BEGIN SUPPLIED INFORMATION

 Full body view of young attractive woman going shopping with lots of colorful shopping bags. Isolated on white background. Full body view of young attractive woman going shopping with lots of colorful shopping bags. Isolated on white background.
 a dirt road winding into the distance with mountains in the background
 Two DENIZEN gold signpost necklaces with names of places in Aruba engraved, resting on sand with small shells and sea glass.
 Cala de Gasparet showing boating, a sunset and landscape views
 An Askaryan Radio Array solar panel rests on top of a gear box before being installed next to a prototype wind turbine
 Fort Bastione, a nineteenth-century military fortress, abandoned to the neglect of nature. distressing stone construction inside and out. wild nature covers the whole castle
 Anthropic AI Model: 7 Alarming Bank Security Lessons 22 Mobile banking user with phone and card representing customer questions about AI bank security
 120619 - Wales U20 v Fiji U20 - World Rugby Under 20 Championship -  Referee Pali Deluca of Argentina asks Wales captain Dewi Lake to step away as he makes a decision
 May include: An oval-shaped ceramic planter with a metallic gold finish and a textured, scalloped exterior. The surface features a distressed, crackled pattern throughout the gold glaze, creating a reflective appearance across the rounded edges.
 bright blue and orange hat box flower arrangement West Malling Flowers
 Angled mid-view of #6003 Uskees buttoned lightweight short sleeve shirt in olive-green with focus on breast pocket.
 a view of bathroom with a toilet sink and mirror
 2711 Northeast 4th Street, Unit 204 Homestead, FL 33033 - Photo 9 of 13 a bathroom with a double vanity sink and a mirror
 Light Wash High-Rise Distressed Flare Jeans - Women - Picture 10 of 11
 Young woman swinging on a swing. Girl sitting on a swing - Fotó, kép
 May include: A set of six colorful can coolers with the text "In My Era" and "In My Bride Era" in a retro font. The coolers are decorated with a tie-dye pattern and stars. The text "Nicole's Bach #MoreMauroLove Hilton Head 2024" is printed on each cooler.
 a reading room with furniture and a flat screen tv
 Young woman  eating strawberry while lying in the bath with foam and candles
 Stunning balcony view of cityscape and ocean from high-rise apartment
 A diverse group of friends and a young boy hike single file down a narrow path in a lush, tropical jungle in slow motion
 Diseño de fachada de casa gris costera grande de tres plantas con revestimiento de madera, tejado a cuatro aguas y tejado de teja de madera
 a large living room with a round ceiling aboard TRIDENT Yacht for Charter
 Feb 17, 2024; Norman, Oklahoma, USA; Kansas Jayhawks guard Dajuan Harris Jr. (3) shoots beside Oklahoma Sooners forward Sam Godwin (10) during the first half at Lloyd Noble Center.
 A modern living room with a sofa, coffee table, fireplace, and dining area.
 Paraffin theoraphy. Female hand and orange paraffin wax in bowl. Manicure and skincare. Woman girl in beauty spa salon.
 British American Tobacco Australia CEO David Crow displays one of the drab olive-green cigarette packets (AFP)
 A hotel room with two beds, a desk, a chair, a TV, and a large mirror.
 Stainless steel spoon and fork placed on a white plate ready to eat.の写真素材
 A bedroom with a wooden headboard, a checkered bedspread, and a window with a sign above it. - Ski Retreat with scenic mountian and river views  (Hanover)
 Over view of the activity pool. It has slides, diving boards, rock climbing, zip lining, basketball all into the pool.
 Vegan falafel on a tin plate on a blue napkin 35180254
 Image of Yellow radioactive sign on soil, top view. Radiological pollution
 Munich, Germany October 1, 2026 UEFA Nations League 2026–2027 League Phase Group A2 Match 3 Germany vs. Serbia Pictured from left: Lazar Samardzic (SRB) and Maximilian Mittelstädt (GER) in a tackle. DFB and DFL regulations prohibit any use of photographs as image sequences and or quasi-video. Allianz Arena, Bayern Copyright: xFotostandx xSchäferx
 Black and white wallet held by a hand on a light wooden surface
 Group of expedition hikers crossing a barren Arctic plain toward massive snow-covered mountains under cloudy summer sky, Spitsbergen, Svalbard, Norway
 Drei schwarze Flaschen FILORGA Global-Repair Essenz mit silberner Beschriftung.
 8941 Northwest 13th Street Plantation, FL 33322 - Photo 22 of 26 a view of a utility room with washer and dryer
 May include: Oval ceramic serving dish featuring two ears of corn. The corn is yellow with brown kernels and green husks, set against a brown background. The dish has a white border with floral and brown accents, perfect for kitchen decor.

END SUPPLIED INFORMATION

# YOUR TASK:
Could you give the records above again, exactly and in full?

# EXERCISE SOLUTION:
 Full body view of young attractive woman going shopping with lots of colorful shopping bags. Isolated on white background. Full body view of young attractive woman going shopping with lots of colorful shopping bags. Isolated on white background.
 a dirt road winding into the distance with mountains in the background
 Two DENIZEN gold signpost necklaces with names of places in Aruba engraved, resting on sand with small shells and sea glass.
 Cala de Gasparet showing boating, a sunset and landscape views
 An Askaryan Radio Array solar panel rests on top of a gear box before being installed next to a prototype wind turbine
 Fort Bastione, a nineteenth-century military fortress, abandoned to the neglect of nature. distressing stone construction inside and out. wild nature covers the whole castle
 Anthropic AI Model: 7 Alarming Bank Security Lessons 22 Mobile banking user with phone and card representing customer questions about AI bank security
 120619 - Wales U20 v Fiji U20 - World Rugby Under 20 Championship -  Referee Pali Deluca of Argentina asks Wales captain Dewi Lake to step away as he makes a decision
 May include: An oval-shaped ceramic planter with a metallic gold finish and a textured, scalloped exterior. The surface features a distressed, crackled pattern throughout the gold glaze, creating a reflective appearance across the rounded edges.
 bright blue and orange hat box flower arrangement West Malling Flowers
 Angled mid-view of #6003 Uskees buttoned lightweight short sleeve shirt in olive-green with focus on breast pocket.
 a view of bathroom with a toilet sink and mirror
 2711 Northeast 4th Street, Unit 204 Homestead, FL 33033 - Photo 9 of 13 a bathroom with a double vanity sink and a mirror
 Light Wash High-Rise Distressed Flare Jeans - Women - Picture 10 of 11
 Young woman swinging on a swing. Girl sitting on a swing - Fotó, kép
 May include: A set of six colorful can coolers with the text "In My Era" and "In My Bride Era" in a retro font. The coolers are decorated with a tie-dye pattern and stars. The text "Nicole's Bach #MoreMauroLove Hilton Head 2024" is printed on each cooler.
 a reading room with furniture and a flat screen tv
 Young woman  eating strawberry while lying in the bath with foam and candles
 Stunning balcony view of cityscape and ocean from high-rise apartment
 A diverse group of friends and a young boy hike single file down a narrow path in a lush, tropical jungle in slow motion
 Diseño de fachada de casa gris costera grande de tres plantas con revestimiento de madera, tejado a cuatro aguas y tejado de teja de madera
 a large living room with a round ceiling aboard TRIDENT Yacht for Charter
 Feb 17, 2024; Norman, Oklahoma, USA; Kansas Jayhawks guard Dajuan Harris Jr. (3) shoots beside Oklahoma Sooners forward Sam Godwin (10) during the first half at Lloyd Noble Center.
 A modern living room with a sofa, coffee table, fireplace, and dining area.
 Paraffin theoraphy. Female hand and orange paraffin wax in bowl. Manicure and skincare. Woman girl in beauty spa salon.
 British American Tobacco Australia CEO David Crow displays one of the drab olive-green cigarette packets (AFP)
 A hotel room with two beds, a desk, a chair, a TV, and a large mirror.
 Stainless steel spoon and fork placed on a white plate ready to eat.の写真素材
 A bedroom with a wooden headboard, a checkered bedspread, and a window with a sign above it. - Ski Retreat with scenic mountian and river views  (Hanover)
 Over view of the activity pool. It has slides, diving boards, rock climbing, zip lining, basketball all into the pool.
 Vegan falafel on a tin plate on a blue napkin 35180254
 Image of Yellow radioactive sign on soil, top view. Radiological pollution
 Munich, Germany October 1, 2026 UEFA Nations League 2026–2027 League Phase Group A2 Match 3 Germany vs. Serbia Pictured from left: Lazar Samardzic (SRB) and Maximilian Mittelstädt (GER) in a tackle. DFB and DFL regulations prohibit any use of photographs as image sequences and or quasi-video. Allianz Arena, Bayern Copyright: xFotostandx xSchäferx
 Black and white wallet held by a hand on a light wooden surface
 Group of expedition hikers crossing a barren Arctic plain toward massive snow-covered mountains under cloudy summer sky, Spitsbergen, Svalbard, Norway
 Drei schwarze Flaschen FILORGA Global-Repair Essenz mit silberner Beschriftung.
 8941 Northwest 13th Street Plantation, FL 33322 - Photo 22 of 26 a view of a utility room with washer and dryer
 May include: Oval ceramic serving dish featuring two ears of corn. The corn is yellow with brown kernels and green husks, set against a brown background. The dish has a white border with floral and brown accents, perfect for kitchen decor.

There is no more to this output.